Time and again, research has confirmed how important nutrition is to developmental outcomes in children. Experience with breakfast feeding programmes at primary schools confirmed the beneficial effects of regular meals to academic performance and drew attention to the relationship of irregular meals and violent temperament.
Work with primary schools and early childhood children confirmed the relationships of nutrition with academic and social behaviour and the importance of reaching parents to achieve sustainable outcomes. Parents and schools can collaborate to ensure good nutrition of their children.
The MOE was presented with the data on nutrition and improved academic performance. The relationship with violence reduction is also of concern because of community violence spilling over into schools. The JINN implements curricula, parent involvement, and community development programmes.
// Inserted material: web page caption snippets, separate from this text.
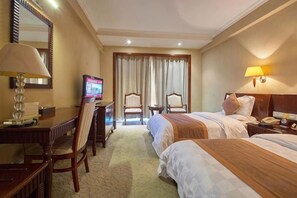 A hotel room with two beds, a desk with a chair, a television, and a lamp. - Xinzhou Haiwan Hotel (Shaoxing)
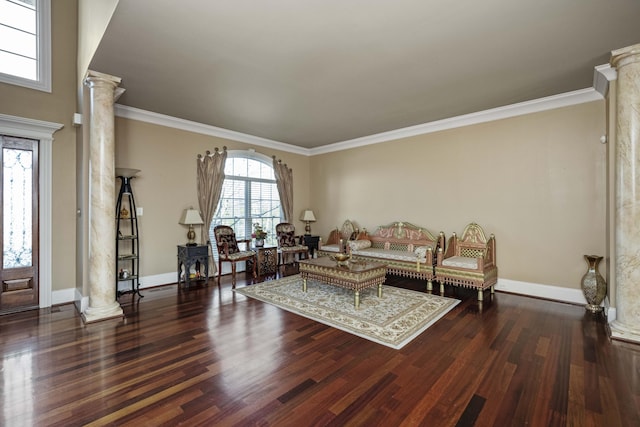 living area featuring wood finished floors, crown molding, and decorative columns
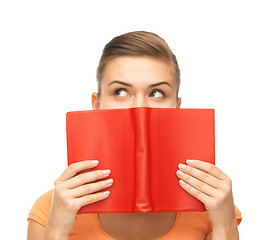 Image showing woman eyes and hands holding red book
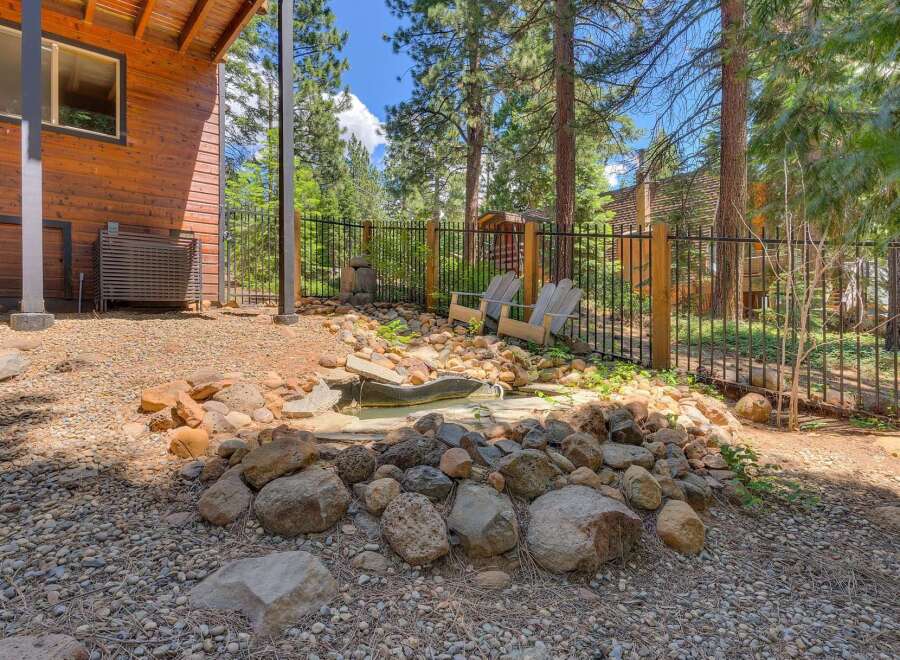 Escape to this charming mountain retreat featuring a rustic wooden exterior and a serene backyard oasis.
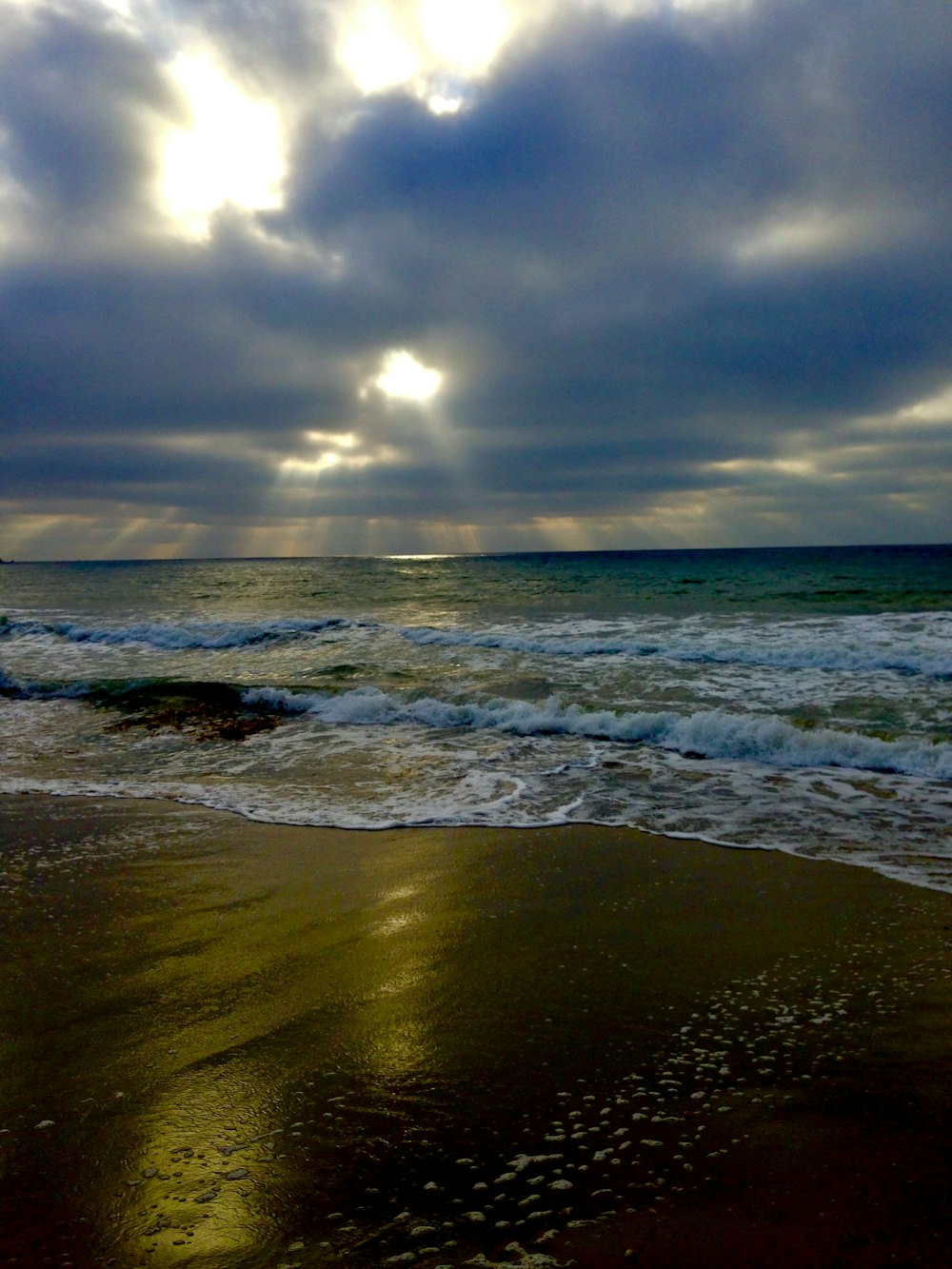 ocean waves crashing on shore during sunset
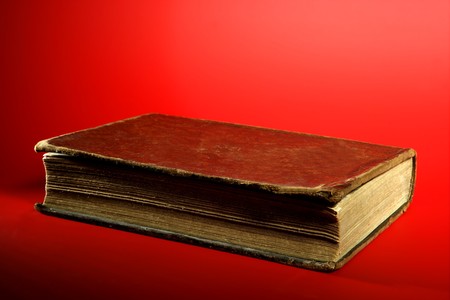 Old aged classic book close up over red backgroundの写真素材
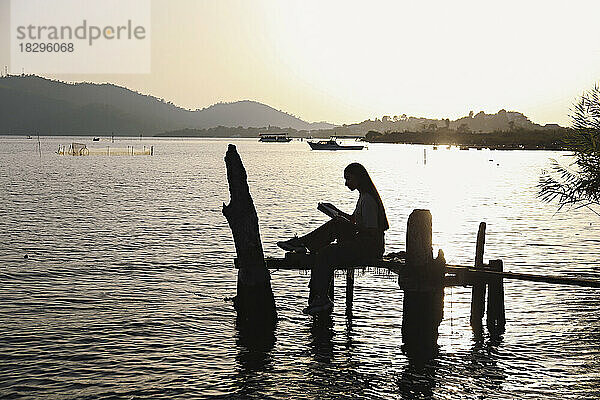 Silhouette einer jungen Frau  die auf einer handgefertigten Angelplattform im Meer sitzt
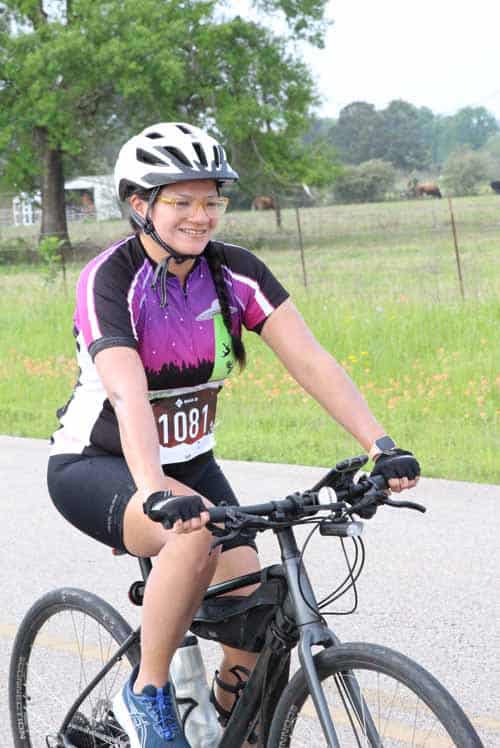 Active female cyclist enjoying a ride outdoors on a sunny day at Bluebonnet Express.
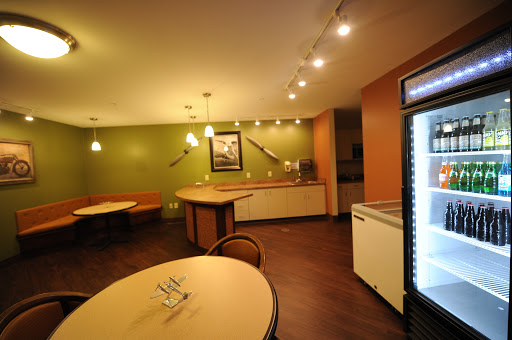 A modern kitchen and dining area featuring green walls, stylish lighting, and minimalistic furniture.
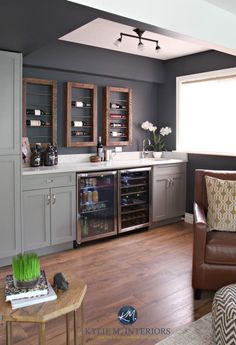 a living room filled with furniture next to a kitchen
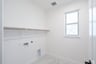 laundry room with tile floors and white shelf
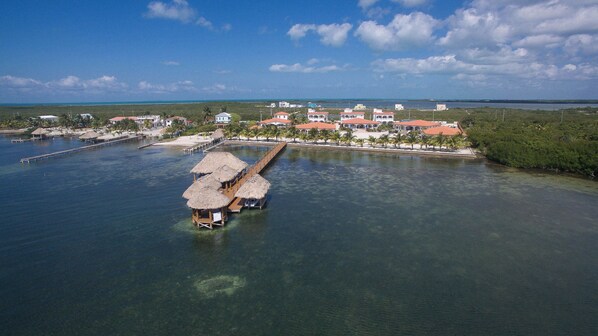 An aerial view of a coastal resort with overwater bungalows, a pier, and a beach area.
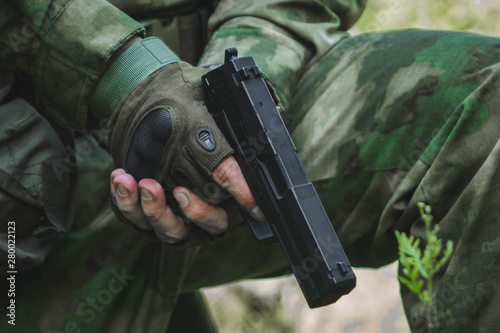 Black green gun pistol on white background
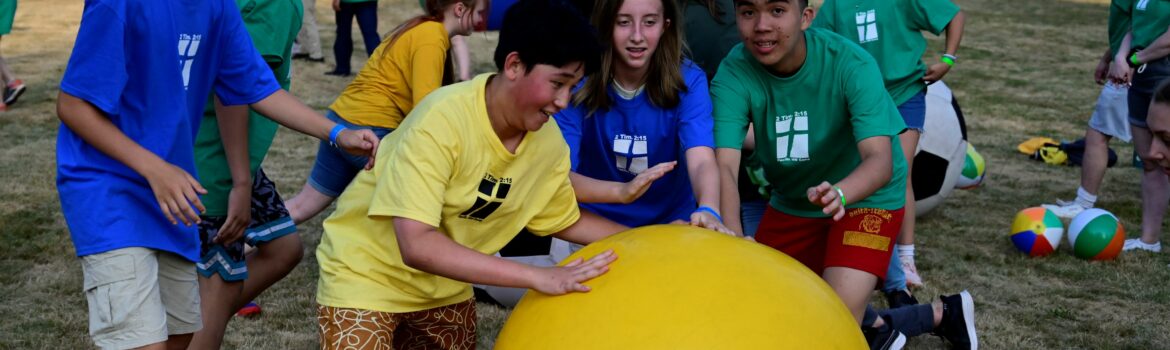 Several campers trying to push a large yellow ball in a game of Organized Chaos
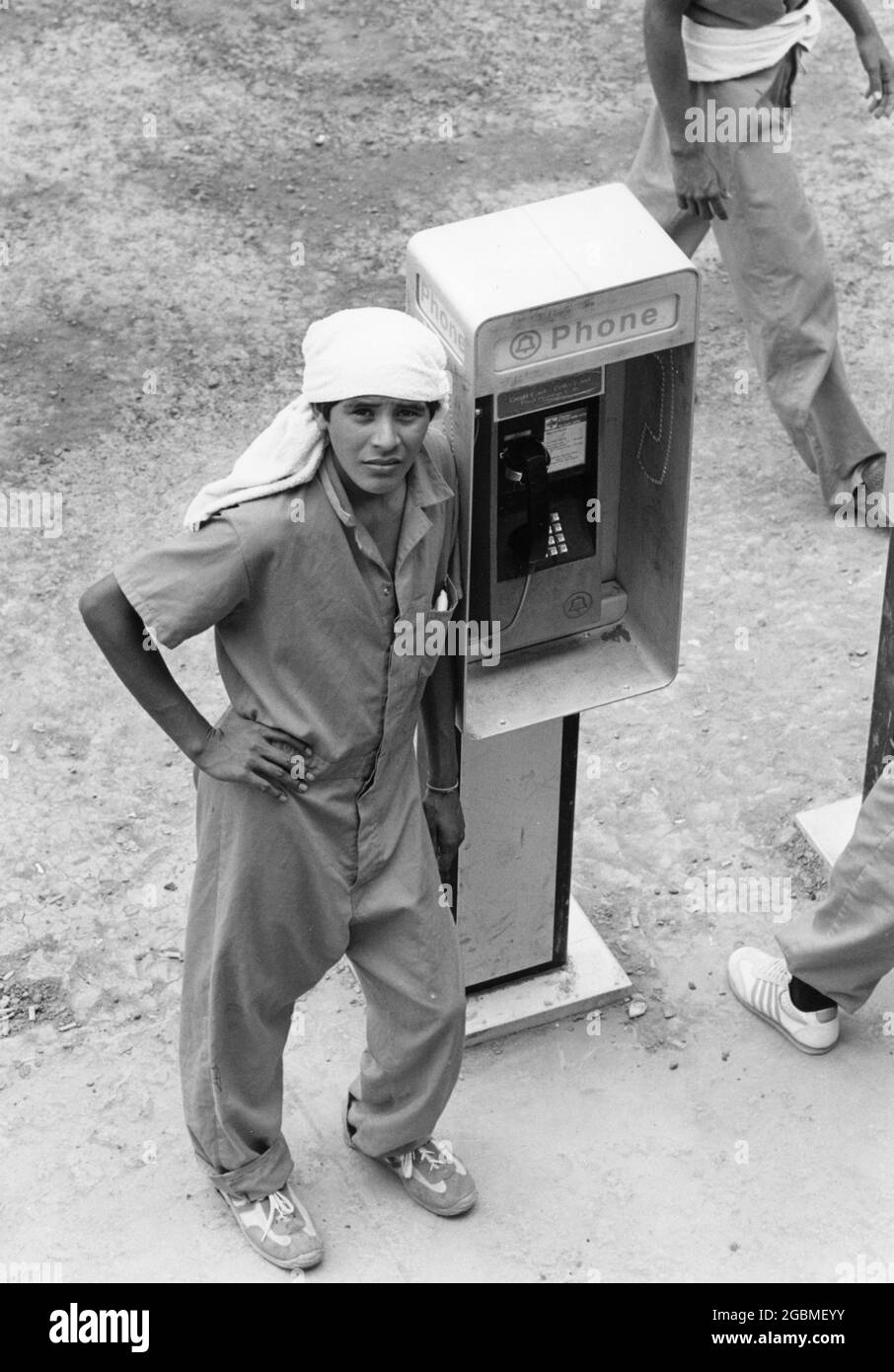 Port Isabel, Texas, États-Unis, circa1989 : les immigrants sans papiers du centre de détention du sud du Texas se réunissent autour de téléphones payants pour appeler des membres de la famille ou un avocat. ©Bob Daemmrich Banque D'Images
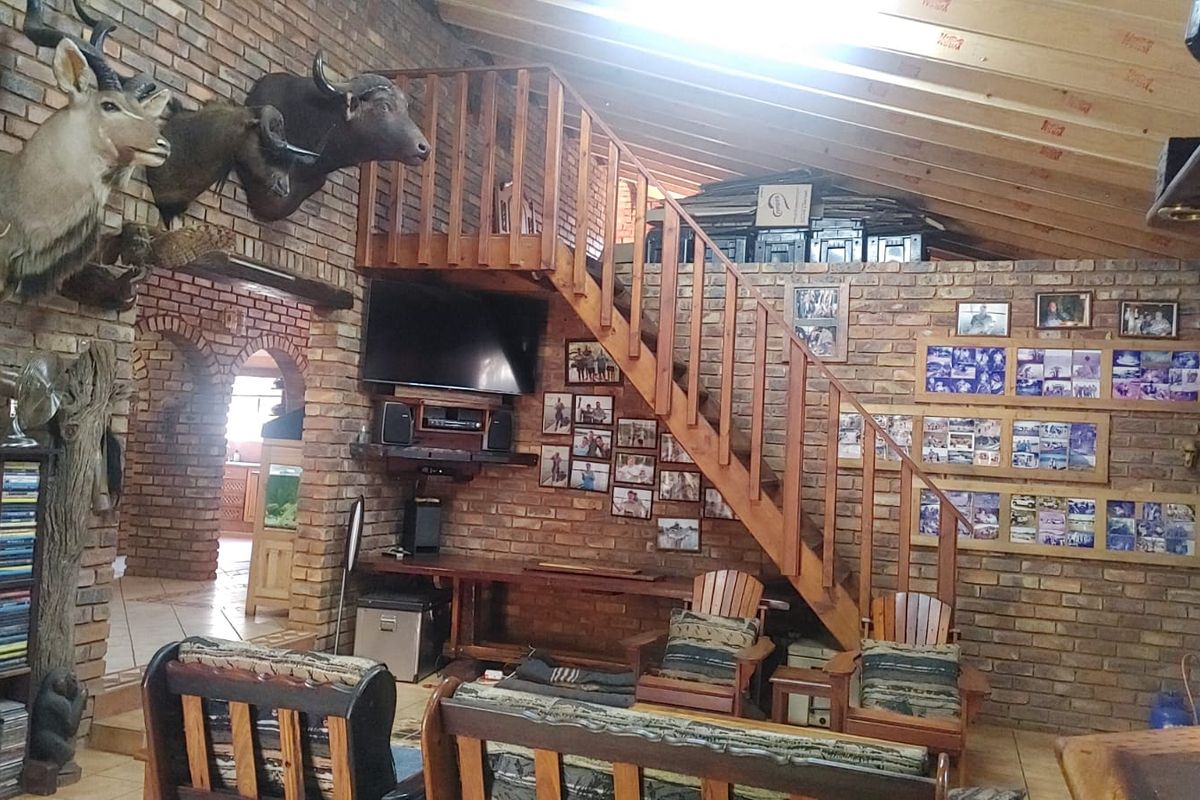 Spacious living area featuring exposed brick walls, a vaulted timber ceiling, and a wooden staircase leading to an upper level.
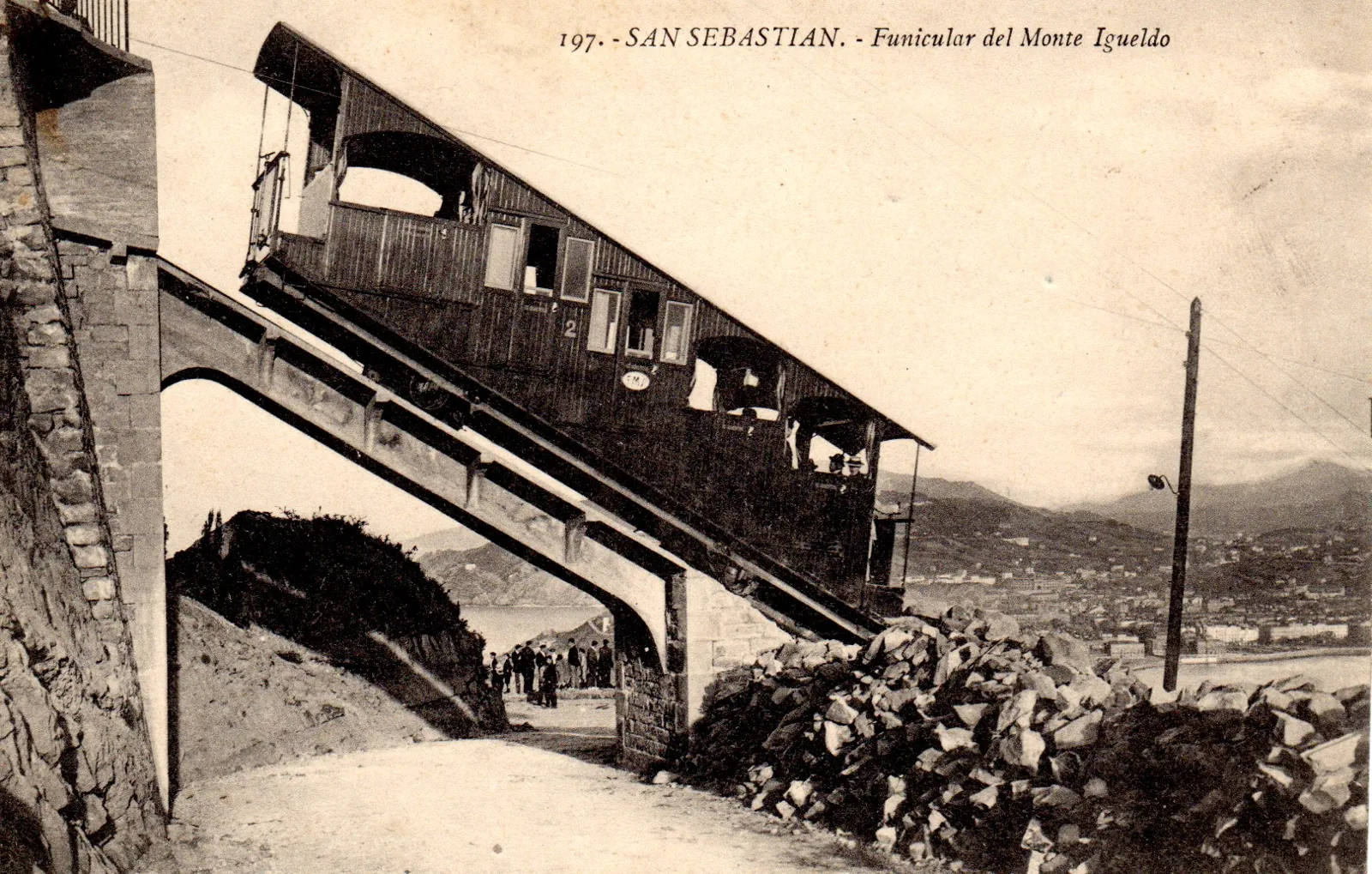 Old black-and-white postcard of the Monte Igueldo funicular: a car climbing the hillside over a bridge on the line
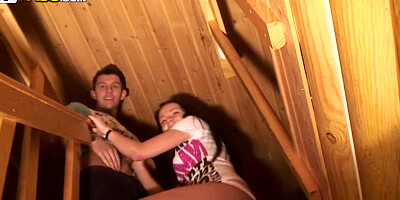 Hot amateurs are having a threesome at a party on the stairs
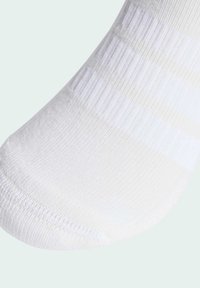 Calcetín blanco con una textura suave y un sutil patrón acanalado, con una puntera redondeada y un puño ligeramente elástico.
More recent work of the JINN with the Ministry of National Security confirmed the double burden of disease in students where underweight sits side by side with obesity as challenges especially in students at puberty. While boys are more at risk for underweight and violence, girls are at greater risk of obesity. Parents and schools do not make enough distinction in age and sex appropriate feeding and herein lies the consequences.
Feeding strategies need better targeting from puberty based on sex as well as SES at both school and home. School food coordinators and parents should be educated on feeding children appropriately at different ages as a strategy towards mitigating the serious problems of obesity, underweight and violence in Jamaica.
Parents will be convinced about the influence of nutrition in raising the children of Jamaica and to mobilize the relevant related organizations to give the proper importance to nutrition promotion in their programmes. The planned ‘on the ground’ efforts will support the government mass messages to apprise the population of the seriousness of the problems in communities and schools with respect to low performance, violence and rising rates of obesity.
We train school food personnel in incorporating nutrition standards into the school feeding programmes and meals will reflect appropriate portions by age, amounts of salt/sodium used, and fat and sugar standards.
Parents, teachers and school communities will be more aware of their roles and responsibilities for successful implementation of a school nutrition programme and health promoting schools.